Before Josh got on the plane to go back to Texas, we sat at his gate together and talked about some aspirations we have as a couple. I told him I would always tell him what was on my mind, whether it was telling him when I think he looks handsome, or telling him when something is bothering me. We made aspirations as a couple for the new year. But I think what also makes an aspiration different from a resolution is the timeline. A resolution usually only lasts however long you can keep it going. But an aspiration will, hopefully, last your entire life. Sure, we made these goals as a couple for the next year as we're starting our lives together, but that doesn't mean it will end on January 1st of 2018. These aspirations we have will impact and change our relationship for an eternity.

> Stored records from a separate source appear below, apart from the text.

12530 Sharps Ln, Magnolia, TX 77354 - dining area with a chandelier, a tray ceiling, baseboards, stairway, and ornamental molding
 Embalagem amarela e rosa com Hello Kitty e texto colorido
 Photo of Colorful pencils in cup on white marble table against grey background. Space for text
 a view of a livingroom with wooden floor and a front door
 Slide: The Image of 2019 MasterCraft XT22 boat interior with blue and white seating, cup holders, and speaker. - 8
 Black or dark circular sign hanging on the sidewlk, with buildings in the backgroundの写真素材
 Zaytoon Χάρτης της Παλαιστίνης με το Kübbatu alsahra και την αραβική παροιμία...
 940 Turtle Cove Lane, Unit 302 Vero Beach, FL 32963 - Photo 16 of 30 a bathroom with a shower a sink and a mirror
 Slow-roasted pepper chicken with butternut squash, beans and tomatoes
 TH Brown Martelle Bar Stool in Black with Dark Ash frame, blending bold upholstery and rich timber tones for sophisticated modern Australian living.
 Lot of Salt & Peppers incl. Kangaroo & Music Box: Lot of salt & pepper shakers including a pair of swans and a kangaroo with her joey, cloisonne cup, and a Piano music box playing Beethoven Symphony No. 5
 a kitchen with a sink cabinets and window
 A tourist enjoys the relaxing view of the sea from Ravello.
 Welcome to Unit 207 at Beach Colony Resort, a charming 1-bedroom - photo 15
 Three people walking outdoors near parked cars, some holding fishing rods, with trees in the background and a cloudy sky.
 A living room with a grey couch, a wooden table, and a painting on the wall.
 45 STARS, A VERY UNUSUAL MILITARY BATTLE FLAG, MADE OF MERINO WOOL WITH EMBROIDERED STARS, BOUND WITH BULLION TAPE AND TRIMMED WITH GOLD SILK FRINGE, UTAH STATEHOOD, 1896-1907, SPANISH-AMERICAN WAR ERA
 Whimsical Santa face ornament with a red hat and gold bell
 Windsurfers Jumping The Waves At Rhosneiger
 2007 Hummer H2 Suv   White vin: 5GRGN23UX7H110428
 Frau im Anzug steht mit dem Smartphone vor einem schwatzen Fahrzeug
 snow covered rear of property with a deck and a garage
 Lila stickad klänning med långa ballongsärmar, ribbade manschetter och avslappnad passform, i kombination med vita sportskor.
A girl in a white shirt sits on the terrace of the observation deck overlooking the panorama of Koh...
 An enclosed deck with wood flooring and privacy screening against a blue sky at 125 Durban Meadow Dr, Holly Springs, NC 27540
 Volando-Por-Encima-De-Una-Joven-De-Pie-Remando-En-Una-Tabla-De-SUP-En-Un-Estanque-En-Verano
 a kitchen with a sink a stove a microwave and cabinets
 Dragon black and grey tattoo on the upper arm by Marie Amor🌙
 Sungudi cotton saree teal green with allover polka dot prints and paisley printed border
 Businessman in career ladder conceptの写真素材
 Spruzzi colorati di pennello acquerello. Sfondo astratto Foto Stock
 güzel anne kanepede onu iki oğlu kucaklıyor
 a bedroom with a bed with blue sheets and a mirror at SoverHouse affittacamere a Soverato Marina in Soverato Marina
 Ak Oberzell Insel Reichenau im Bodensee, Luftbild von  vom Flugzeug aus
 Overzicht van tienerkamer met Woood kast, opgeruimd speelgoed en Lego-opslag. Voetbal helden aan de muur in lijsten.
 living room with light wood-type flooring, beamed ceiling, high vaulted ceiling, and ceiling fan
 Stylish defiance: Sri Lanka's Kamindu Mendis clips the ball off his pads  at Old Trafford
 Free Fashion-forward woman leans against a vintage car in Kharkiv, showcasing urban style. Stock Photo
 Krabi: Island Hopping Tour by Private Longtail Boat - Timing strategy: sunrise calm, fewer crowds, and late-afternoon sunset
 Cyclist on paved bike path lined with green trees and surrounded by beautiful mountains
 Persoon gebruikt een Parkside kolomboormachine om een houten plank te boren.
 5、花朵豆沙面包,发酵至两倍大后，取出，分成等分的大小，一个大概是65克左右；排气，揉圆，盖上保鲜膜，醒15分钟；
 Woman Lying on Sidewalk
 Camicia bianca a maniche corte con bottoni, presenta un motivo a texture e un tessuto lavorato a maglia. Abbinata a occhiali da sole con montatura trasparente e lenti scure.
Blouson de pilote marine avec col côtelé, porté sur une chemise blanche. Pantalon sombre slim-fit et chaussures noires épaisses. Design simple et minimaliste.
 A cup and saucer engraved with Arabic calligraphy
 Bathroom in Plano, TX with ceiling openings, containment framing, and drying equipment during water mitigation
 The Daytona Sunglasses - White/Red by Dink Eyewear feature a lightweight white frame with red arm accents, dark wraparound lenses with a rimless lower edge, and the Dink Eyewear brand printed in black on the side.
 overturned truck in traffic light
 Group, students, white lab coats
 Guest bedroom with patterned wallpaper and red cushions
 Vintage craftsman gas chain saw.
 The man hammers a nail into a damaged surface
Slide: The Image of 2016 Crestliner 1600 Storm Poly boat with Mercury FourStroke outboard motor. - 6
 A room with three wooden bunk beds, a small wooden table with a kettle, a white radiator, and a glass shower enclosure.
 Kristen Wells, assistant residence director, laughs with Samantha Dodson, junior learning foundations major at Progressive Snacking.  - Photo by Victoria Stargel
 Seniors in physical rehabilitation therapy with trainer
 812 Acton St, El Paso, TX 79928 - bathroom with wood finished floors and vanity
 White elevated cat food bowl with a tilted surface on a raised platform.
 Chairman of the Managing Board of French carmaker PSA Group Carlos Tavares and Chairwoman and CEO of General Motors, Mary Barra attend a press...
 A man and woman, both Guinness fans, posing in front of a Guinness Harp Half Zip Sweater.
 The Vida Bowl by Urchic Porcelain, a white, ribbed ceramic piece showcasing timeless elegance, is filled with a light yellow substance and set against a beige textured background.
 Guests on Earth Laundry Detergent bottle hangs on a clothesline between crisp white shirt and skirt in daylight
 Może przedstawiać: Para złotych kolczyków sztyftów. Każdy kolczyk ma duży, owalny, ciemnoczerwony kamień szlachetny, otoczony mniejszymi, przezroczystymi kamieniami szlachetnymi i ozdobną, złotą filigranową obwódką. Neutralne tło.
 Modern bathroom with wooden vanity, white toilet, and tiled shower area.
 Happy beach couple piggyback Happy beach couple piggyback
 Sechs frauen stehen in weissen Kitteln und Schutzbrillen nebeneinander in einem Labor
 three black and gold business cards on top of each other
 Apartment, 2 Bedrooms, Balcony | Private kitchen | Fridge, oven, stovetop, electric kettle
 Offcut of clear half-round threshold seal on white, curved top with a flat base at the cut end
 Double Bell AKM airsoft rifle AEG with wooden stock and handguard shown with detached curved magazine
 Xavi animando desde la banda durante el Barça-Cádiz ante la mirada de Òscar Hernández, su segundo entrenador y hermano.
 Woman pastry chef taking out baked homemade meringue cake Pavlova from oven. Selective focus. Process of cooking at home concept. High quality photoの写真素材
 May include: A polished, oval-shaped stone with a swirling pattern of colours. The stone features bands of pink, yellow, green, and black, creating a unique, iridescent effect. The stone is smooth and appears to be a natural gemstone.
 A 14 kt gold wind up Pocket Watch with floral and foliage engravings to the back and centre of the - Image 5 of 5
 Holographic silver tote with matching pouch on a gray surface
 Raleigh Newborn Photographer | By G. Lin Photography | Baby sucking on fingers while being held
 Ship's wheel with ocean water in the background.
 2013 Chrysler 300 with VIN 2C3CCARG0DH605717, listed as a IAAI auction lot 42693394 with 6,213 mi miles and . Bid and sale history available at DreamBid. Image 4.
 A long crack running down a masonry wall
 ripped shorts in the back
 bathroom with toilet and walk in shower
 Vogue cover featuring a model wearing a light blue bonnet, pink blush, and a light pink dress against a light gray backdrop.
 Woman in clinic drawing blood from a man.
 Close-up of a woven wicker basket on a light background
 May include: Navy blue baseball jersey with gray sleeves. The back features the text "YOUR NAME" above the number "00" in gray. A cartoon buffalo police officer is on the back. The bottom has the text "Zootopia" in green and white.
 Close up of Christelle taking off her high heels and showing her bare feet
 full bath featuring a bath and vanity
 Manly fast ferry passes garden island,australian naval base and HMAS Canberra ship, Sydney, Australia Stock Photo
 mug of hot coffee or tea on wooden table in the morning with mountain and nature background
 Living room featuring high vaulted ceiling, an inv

If you are an avid New Year's Resolution-ist, I'm not trying to degrade you for that. If you can make a resolution and stick to it, then good job and I'm proud of you! But to the others who struggle, I challenge you to drop the resolution and add an aspiration. Aspire to be more kind. Aspire to be more forgiving. Aspire to be a giver. Aspire to make the best of every situation. Aspire to have more hope. Aspire to be better. Because that's really what it's all about, right? Being better than we were before.

With love,
Cort



1 comment:

  1. I really loved this. I 100% agree with it. Seriously took the words right out of my mouth. Such a good read.